This test, which is sometimes done as part of a urinalysis, involves looking via a microscope at droplets of concentrated pee — urine that has been spun in a machine — to look for signs of infection. If any of the following levels are much higher than typical, you may require further testing:
- The presence of white blood cells (leukocytes) may indicate the presence of an infection. If you have high levels of red blood cells (erythrocytes), it might indicate that you have renal illness. It could also indicate that you have a blood issue or some underlying medical condition such as bladder cancer. Infection is indicated by the presence of bacteria, yeast, or parasites. Casts, which are tube-shaped proteins, can develop as a result of renal disease. In some cases, crystals formed by chemicals in urine may be an indication of kidney stones.

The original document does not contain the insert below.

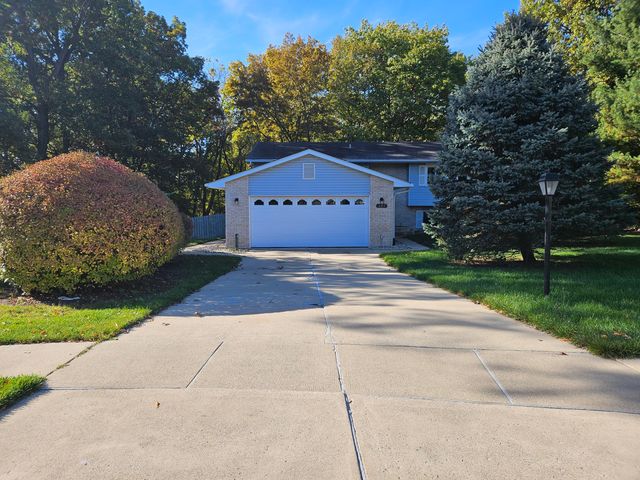 487 Timber Lake Drive, Lowell, IN 46356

A urinalysis by alone does not generally yield a definitive diagnosis in most cases. Depending on the reason your physician ordered this test, you may require follow-up if the findings are out of the ordinary. The findings of the urinalysis, in conjunction with the results of other tests, can assist your provider in determining the next steps. You should never assume that you are not sick just because you have normal test results from your urinalysis. It is possible that the sickness is detected too early, or that your urine is overly diluted.
Consult with your health-care practitioner for further information on the significance of your urinalysis findings.
Interpreting Culture Results – Part 1: Urinalysis and Urine Cultures
In clinical practice, interpreting culture data and laboratory testing has long been the bread and butter of the profession. Basic chemistry is pretty straightforward, and current lab result sheets include a convenient reference that displays the upper and lower limits of what is considered ‘normal’ readings as well as the higher and lower limits of what is considered abnormal. The interpretation of culture outcomes, on the other hand, is more difficult.
This series will cover the specifics of urine cultures, blood and bodily fluid cultures, as well as other types of cultures, including those used to treat wounds and treat respiratory infections. Let’s start with a discussion of urine cultures.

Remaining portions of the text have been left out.